El momento de mayor tensión ocurrió cuando el silbante señaló un penal a favor de Alianza tras una mano clara de Henry Figueroa dentro del área.
Sin embargo, minutos después y tras consultar con su juez de línea. Juan Tipaz, Ugalde dio marcha atrás y anuló la pena máxima. La jugada generó indignación en el club salvadoreño, ya que las repeticiones confirmaron que el balón sí dio en la mano del defensor hondureño, aunque la jugada previa venía precedida de una falta no sancionada sobre el delantero Nicolás Messiniti.
El juego violento tampoco fue castigado a tiempo. Antes de la acción del penal, Leonardo Menjívar se salvó de la tarjeta roja tras una entrada muy dura sobre Damin Ramírez.
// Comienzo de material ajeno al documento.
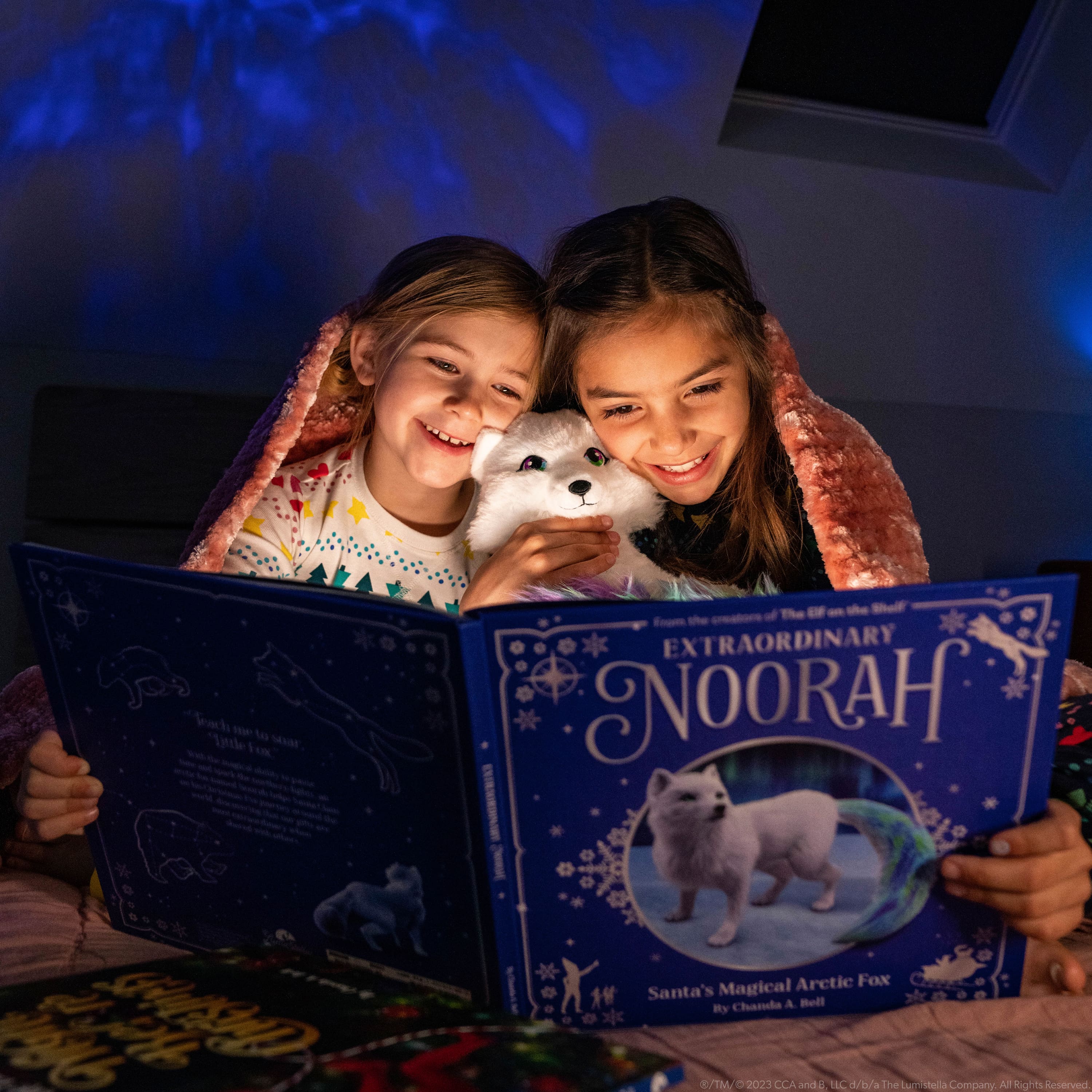 Extraordinary Noorah: Santa&#x27;s Magical Arctic Fox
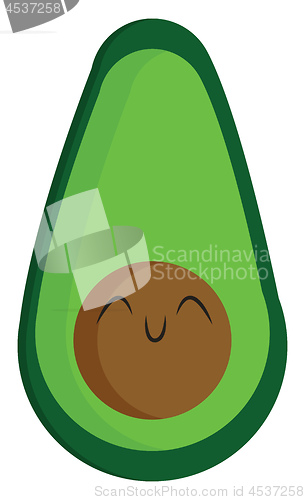 Image of Half-cut ripe green avocado vector or color illustration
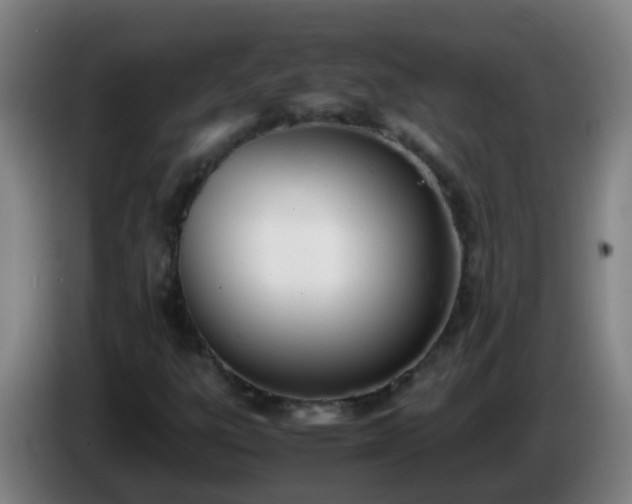 X0000086111303200703301228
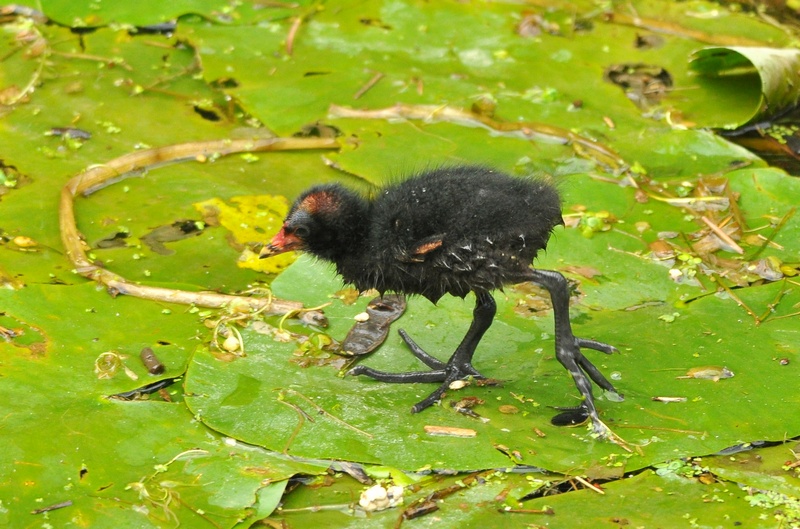 Avifauna humor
Poco después, el propio Henry Figueroa cometió una brutal falta al tobillo de un rival que el árbitro prefirió pasar por alto sin expulsión.
Al final, la falta de criterio y los constantes bandazos del arbitraje empañaron un choque decisivo del torneo regional, dejando a ambos clubes con la idea de haber sido perjudicados.